July 15, 2020 in Conchise County, AZ: A Tesla Model S hit an Arizona Department of Public Safety patrol car, resulting in the patrol car rear-ending an ambulance that was on the scene of an earlier car accident. No one was seriously injured, but the Tesla driver was taken to the hospital for injuries.
August 26, 2020 in Charlotte, NC: A Tesla driver watching a movie crashed into a Nash County Sherriff’s Office deputy vehicle in Charlotte, North Carolina on US 64 west.
The driver, Devainder Goli, of Raleigh, was accused of violating the move-over law and watching television while operating a vehicle.
February 27, 2021 in Montgomery County, TX: The driver of a Tesla rear-ended a police cruise during a traffic stop in Montgomery County, Texas. Five deputy constables were injured during the accident, which happened around 1:15 am on Eastex Freeway near East River Road.
The Tesla driver was not injured, but was taken into custody on a DWI charge.
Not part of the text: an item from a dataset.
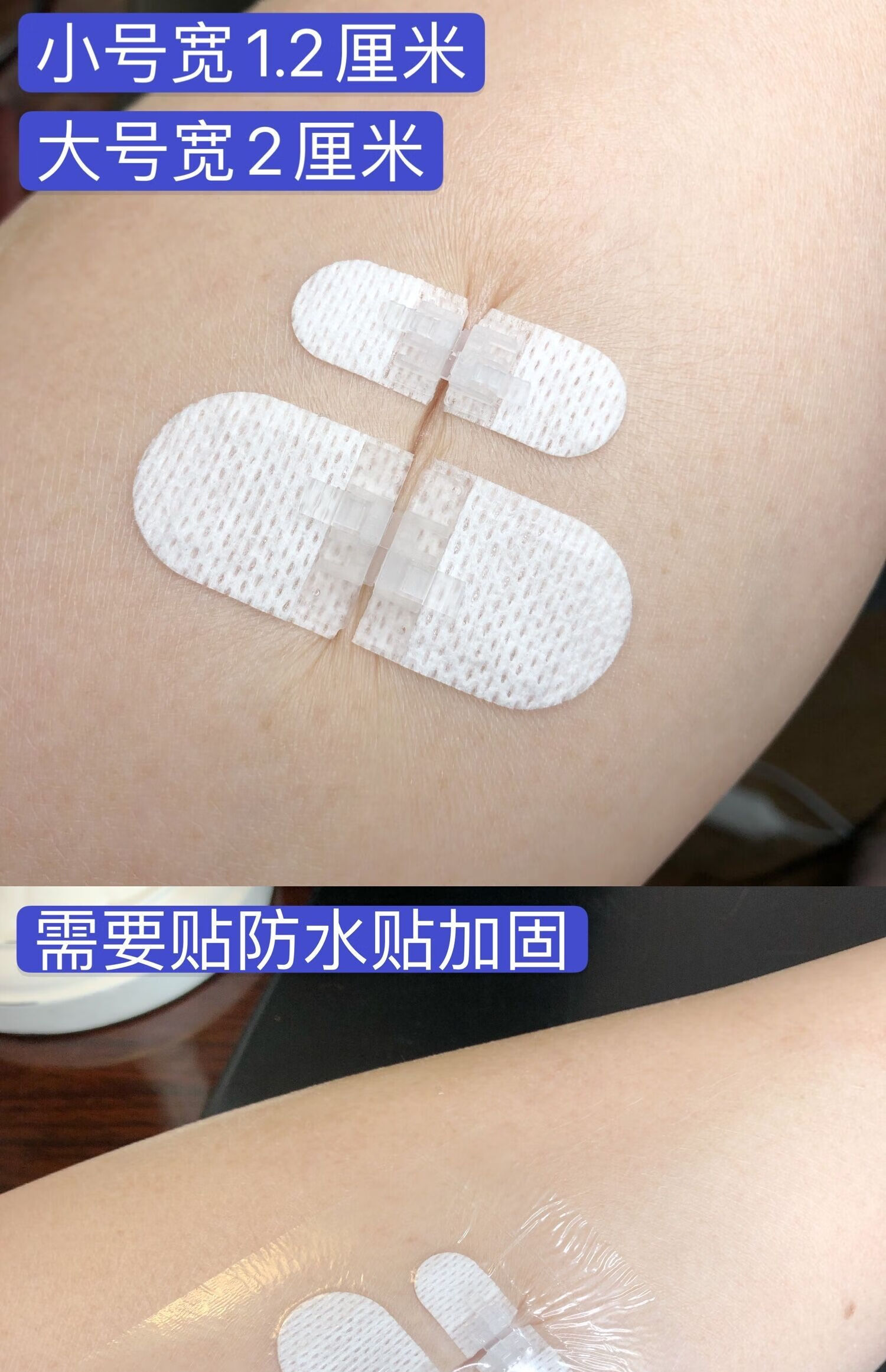 减张贴减张器ja皮肤减张贴儿童剖腹产拉链创可贴免缝胶带zip 小号1包3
March 17, 2021 in Lansing, MI: A Tesla on autopilot crashed into a Michigan State Police car. Troopers from the Lansing Post had been investigating a crash involving a car and a deer on I-96 near Waverly Rd in Eaton County at around 1:12am.
While investigating the crash, a Tesla driving on autopilot struck the patrol car, which had its emergency lights on.
Neither the driver of the Tesla – a 22-year-old man from Lansing – nor the troopers were injured at the scene. Police issued the unidentified man a citation for failure to move over and driving while license suspended.
May 15, 2021 in Arlington, WA: A Tesla driving in Arlington, Washington hit a police vehicle that resulted in ‘significant damage’ to the police car.
There were no injuries reported from the incident.
May 19, 2021: Three people were hospitalized after a Tesla hit a parked Miami-Dade County Department Transportation Road Ranger truck that was blocking the left lane of I-95 to help clear the debris of an earlier crash.
The driver of the Tesla was transported to a nearby hospital with with severe, albeit non-life-threatening, injuries.